It'd unfortunately require a continuation of an unsustainable energy policy. A major factor in why rural areas as a whole have become more conservative is because of their local economy's dependence on fossil fuels. This is one of the primary reasons Appalachia first swung so hard for Dubya in 2000.

It's easy to talk about investing in more sustainable energy such as solar/wind/nuclear and conservationist measures for protection of timber in the abstract as a public good to combat climate change. However, it must be acknowledged there are frictional costs to this type of disruption, and there should be accommodations to transition rural areas which see a fair amount of wealth creation from fossil fuel extraction, refinement/processing, production in power plants, and distribution. Likewise most areas with low population densities tend to be reliant on motor vehicles for transportation as most American infrastructure is designed with the implications of one owning car.
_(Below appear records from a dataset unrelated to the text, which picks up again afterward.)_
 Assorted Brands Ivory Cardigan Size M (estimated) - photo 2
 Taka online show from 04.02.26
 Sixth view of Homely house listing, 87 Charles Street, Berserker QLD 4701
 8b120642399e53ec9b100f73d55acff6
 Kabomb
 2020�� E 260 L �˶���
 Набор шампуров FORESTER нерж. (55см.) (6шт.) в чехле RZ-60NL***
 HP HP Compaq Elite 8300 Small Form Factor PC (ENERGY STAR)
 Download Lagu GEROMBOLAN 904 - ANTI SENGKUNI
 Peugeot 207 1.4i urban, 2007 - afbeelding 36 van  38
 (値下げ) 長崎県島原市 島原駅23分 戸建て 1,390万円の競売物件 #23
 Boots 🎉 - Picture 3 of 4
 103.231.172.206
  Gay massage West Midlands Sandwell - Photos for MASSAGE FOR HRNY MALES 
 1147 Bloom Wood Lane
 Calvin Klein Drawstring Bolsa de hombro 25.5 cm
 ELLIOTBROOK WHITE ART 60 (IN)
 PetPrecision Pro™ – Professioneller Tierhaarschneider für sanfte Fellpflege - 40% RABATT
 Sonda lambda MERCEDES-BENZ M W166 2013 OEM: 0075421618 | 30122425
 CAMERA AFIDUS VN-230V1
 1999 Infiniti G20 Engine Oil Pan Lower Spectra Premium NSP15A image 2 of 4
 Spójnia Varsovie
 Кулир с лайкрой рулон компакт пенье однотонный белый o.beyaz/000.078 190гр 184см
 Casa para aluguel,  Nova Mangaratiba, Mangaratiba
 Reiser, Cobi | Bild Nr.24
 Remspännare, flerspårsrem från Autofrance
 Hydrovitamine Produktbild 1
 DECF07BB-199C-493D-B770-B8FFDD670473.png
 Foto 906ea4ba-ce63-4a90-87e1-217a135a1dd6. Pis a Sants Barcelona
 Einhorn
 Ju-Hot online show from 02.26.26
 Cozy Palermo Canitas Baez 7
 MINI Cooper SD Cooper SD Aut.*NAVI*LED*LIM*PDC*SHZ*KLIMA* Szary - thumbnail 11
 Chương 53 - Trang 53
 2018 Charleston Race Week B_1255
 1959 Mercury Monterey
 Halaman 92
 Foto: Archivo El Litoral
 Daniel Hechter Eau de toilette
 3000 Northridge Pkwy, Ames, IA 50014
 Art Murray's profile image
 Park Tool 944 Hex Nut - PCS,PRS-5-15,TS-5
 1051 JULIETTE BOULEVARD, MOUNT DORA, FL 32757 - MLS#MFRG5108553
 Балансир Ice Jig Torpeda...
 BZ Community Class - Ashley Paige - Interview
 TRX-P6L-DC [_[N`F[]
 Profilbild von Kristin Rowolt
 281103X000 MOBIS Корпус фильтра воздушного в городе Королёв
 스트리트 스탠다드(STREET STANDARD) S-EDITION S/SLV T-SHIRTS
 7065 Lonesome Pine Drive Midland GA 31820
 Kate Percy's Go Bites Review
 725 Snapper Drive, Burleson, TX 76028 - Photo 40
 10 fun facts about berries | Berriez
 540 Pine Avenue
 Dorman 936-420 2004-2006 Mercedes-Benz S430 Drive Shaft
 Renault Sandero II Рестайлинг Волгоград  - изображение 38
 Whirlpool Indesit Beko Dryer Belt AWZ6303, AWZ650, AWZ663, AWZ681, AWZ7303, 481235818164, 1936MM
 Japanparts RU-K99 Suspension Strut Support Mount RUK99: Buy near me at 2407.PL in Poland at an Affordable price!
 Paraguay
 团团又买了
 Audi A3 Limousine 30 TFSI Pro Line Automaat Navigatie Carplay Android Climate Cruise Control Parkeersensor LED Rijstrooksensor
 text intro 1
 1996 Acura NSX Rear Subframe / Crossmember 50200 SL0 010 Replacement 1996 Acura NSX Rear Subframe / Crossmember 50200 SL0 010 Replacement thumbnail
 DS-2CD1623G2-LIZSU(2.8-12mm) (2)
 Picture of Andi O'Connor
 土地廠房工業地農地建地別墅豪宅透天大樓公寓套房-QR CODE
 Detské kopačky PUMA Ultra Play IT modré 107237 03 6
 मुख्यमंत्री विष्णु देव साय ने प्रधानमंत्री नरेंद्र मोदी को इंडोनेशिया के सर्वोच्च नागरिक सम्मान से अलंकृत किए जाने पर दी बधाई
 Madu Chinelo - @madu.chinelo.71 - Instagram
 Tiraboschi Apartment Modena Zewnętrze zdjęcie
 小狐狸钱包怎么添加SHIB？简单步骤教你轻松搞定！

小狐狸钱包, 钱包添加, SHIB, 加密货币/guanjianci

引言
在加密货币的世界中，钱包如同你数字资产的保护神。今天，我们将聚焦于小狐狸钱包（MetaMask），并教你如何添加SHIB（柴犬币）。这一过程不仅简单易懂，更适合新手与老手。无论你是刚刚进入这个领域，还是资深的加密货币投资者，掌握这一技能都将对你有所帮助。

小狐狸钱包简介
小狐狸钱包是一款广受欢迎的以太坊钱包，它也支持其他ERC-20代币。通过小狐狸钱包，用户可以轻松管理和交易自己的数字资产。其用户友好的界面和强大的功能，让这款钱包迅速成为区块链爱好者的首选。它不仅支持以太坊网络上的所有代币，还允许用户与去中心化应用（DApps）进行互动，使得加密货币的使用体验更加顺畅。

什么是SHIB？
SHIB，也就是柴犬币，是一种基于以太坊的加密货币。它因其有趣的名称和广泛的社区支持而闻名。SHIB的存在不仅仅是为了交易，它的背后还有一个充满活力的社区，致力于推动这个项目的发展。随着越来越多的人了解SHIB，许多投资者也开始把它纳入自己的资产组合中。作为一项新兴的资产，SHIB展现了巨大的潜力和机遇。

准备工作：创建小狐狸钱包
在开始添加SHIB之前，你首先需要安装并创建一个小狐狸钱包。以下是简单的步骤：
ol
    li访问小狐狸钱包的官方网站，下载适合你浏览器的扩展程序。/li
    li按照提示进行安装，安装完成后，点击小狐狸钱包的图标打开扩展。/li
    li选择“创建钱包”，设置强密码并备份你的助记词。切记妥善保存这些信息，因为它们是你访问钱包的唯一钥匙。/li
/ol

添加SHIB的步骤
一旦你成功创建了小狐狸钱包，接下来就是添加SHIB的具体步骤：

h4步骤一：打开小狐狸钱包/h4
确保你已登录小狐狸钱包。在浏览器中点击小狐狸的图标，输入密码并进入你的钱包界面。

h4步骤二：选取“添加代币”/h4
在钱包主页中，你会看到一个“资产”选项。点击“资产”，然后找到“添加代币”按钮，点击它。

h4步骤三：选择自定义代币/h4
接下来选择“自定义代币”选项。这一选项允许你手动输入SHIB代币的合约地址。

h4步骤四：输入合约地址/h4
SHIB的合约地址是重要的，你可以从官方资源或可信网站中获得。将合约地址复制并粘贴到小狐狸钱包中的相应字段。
Dems/progressives need to sell these consumers on the transition to electric as well as why a restructuring of energy supply will ultimately produce economic benefit. We will all see different adverse effects of climate change, the problem is its harder to convince the electorate of that while most of those challenges are still abstract. Even worse, it'll be too late to do anything by the time those challenges are concrete.

Yes, the Dem climate change platform is the most important problem for this.  

I would say climate and guns. Democratic/liberal rhetoric on guns is corrosive in rural areas and a major policy change between 2012 and 2014/16 was the Sandy Hook massacre in December of 2012 and Democrats raising the salience of gun control legislation again. One underrated reason why Sanders swept rural areas in the 2016 primary was because Hillary's main attack on Bernie from the left was his record on guns, which wasn't exactly pro-NRA but as a Vermont politician not down-the-line progressive.

It's also been one of the biggest drivers of suburban gains the other way for Democrats.